[Task to carry out]: The line containing "Genuinely interested - why" marks the end, so write out exactly every line from the top of the entries below through that one.

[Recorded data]
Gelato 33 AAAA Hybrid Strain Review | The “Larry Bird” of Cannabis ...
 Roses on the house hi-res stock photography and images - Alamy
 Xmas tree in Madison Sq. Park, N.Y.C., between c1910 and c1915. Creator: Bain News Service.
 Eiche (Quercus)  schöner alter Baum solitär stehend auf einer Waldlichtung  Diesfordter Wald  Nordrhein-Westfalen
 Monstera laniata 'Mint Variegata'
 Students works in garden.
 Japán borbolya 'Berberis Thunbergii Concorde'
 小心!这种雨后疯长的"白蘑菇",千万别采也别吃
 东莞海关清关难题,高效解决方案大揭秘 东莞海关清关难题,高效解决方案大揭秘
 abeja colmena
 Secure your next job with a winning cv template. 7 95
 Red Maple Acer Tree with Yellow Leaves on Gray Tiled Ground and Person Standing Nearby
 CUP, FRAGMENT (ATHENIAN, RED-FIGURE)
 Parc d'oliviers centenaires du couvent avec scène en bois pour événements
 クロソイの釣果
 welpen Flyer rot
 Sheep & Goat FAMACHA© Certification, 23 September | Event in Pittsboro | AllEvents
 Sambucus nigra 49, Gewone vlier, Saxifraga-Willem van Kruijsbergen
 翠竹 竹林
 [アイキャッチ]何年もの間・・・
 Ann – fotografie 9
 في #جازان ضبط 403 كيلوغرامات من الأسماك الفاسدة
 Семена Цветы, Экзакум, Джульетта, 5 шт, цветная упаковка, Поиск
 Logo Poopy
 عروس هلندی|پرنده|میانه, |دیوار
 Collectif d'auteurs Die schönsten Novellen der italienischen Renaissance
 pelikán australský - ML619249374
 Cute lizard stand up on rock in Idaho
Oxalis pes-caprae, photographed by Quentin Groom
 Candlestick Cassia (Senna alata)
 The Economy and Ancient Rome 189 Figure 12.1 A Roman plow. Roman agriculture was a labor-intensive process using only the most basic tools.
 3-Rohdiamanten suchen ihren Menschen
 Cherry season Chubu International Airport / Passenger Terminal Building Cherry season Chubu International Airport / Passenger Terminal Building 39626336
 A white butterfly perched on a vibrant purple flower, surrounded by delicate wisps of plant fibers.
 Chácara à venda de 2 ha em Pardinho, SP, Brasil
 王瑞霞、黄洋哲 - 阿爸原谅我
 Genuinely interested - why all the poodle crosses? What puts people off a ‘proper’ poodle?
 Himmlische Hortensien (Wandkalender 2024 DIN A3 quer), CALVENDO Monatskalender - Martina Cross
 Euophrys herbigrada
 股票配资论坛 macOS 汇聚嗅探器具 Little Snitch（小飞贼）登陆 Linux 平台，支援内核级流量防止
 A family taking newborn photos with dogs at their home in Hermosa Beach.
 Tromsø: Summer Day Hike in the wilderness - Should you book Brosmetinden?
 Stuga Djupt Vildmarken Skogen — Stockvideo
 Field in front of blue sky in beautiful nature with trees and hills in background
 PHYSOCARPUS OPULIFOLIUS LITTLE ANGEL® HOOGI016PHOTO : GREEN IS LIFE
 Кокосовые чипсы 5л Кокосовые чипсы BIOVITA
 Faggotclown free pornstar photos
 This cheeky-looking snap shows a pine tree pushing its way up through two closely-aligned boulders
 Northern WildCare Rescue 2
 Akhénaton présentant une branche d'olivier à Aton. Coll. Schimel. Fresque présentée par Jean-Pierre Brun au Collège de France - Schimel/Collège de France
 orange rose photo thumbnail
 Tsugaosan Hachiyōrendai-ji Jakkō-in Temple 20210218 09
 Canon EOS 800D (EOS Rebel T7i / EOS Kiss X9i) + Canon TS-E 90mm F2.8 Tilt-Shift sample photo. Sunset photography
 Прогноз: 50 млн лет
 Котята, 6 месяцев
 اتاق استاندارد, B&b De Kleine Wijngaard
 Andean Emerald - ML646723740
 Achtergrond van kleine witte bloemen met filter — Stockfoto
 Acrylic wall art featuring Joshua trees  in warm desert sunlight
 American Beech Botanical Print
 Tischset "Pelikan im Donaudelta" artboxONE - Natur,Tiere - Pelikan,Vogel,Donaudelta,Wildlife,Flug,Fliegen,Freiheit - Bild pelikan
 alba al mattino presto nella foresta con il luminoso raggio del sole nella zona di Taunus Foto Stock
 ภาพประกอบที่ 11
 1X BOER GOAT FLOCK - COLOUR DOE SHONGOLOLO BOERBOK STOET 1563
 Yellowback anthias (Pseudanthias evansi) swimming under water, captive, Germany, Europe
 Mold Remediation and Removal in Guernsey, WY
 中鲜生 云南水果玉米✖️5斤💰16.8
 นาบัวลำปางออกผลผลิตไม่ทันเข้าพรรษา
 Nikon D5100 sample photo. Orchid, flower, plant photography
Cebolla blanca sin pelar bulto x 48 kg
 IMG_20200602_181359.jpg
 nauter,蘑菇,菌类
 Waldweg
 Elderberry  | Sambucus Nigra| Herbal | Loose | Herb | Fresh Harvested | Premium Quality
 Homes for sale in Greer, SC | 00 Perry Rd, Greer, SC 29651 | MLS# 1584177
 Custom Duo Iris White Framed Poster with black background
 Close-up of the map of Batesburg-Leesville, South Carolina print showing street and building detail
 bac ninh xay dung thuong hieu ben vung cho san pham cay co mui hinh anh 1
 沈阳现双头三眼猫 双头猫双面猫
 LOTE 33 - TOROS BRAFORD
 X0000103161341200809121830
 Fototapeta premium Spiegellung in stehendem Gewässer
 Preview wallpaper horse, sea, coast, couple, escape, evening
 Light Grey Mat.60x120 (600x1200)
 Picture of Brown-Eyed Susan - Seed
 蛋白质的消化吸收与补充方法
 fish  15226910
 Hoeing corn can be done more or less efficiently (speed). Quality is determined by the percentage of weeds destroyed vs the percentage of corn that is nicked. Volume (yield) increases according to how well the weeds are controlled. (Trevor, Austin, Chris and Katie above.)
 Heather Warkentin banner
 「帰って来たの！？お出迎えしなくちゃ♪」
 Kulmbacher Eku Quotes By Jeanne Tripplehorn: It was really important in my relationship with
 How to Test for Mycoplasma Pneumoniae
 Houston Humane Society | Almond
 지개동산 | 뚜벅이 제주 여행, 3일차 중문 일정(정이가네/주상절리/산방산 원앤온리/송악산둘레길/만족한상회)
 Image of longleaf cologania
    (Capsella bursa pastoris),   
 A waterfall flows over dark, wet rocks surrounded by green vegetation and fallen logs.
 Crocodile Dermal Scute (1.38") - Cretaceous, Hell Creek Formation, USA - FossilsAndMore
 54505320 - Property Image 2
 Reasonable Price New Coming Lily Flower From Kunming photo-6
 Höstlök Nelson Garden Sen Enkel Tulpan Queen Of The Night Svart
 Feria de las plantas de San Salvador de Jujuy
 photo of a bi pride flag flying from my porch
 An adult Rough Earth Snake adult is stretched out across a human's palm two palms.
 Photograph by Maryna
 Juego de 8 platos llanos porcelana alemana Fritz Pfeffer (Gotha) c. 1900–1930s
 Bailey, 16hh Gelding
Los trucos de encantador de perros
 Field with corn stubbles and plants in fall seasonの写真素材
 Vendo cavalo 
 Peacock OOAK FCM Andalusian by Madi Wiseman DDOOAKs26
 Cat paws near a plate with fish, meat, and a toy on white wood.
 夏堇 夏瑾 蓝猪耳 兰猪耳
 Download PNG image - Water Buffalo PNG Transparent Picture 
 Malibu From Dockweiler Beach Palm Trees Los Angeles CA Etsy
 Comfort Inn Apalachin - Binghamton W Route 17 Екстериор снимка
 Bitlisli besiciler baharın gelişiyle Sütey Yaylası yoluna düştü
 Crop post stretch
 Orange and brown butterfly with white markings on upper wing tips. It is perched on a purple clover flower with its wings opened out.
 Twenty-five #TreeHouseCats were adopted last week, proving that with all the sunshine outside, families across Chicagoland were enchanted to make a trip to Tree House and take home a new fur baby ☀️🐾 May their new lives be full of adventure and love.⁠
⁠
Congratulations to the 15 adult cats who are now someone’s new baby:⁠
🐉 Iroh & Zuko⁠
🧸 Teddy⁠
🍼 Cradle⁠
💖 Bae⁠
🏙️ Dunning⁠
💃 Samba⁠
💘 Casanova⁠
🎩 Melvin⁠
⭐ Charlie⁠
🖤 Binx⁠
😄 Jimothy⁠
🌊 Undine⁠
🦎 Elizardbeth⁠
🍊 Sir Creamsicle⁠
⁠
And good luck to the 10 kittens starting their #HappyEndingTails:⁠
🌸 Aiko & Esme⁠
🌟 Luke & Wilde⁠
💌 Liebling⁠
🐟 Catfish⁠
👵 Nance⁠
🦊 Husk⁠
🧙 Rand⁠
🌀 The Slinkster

[Written response]:
Gelato 33 AAAA Hybrid Strain Review | The “Larry Bird” of Cannabis ...
 Roses on the house hi-res stock photography and images - Alamy
 Xmas tree in Madison Sq. Park, N.Y.C., between c1910 and c1915. Creator: Bain News Service.
 Eiche (Quercus)  schöner alter Baum solitär stehend auf einer Waldlichtung  Diesfordter Wald  Nordrhein-Westfalen
 Monstera laniata 'Mint Variegata'
 Students works in garden.
 Japán borbolya 'Berberis Thunbergii Concorde'
 小心!这种雨后疯长的"白蘑菇",千万别采也别吃
 东莞海关清关难题,高效解决方案大揭秘 东莞海关清关难题,高效解决方案大揭秘
 abeja colmena
 Secure your next job with a winning cv template. 7 95
 Red Maple Acer Tree with Yellow Leaves on Gray Tiled Ground and Person Standing Nearby
 CUP, FRAGMENT (ATHENIAN, RED-FIGURE)
 Parc d'oliviers centenaires du couvent avec scène en bois pour événements
 クロソイの釣果
 welpen Flyer rot
 Sheep & Goat FAMACHA© Certification, 23 September | Event in Pittsboro | AllEvents
 Sambucus nigra 49, Gewone vlier, Saxifraga-Willem van Kruijsbergen
 翠竹 竹林
 [アイキャッチ]何年もの間・・・
 Ann – fotografie 9
 في #جازان ضبط 403 كيلوغرامات من الأسماك الفاسدة
 Семена Цветы, Экзакум, Джульетта, 5 шт, цветная упаковка, Поиск
 Logo Poopy
 عروس هلندی|پرنده|میانه, |دیوار
 Collectif d'auteurs Die schönsten Novellen der italienischen Renaissance
 pelikán australský - ML619249374
 Cute lizard stand up on rock in Idaho
Oxalis pes-caprae, photographed by Quentin Groom
 Candlestick Cassia (Senna alata)
 The Economy and Ancient Rome 189 Figure 12.1 A Roman plow. Roman agriculture was a labor-intensive process using only the most basic tools.
 3-Rohdiamanten suchen ihren Menschen
 Cherry season Chubu International Airport / Passenger Terminal Building Cherry season Chubu International Airport / Passenger Terminal Building 39626336
 A white butterfly perched on a vibrant purple flower, surrounded by delicate wisps of plant fibers.
 Chácara à venda de 2 ha em Pardinho, SP, Brasil
 王瑞霞、黄洋哲 - 阿爸原谅我
 Genuinely interested - why all the poodle crosses? What puts people off a ‘proper’ poodle?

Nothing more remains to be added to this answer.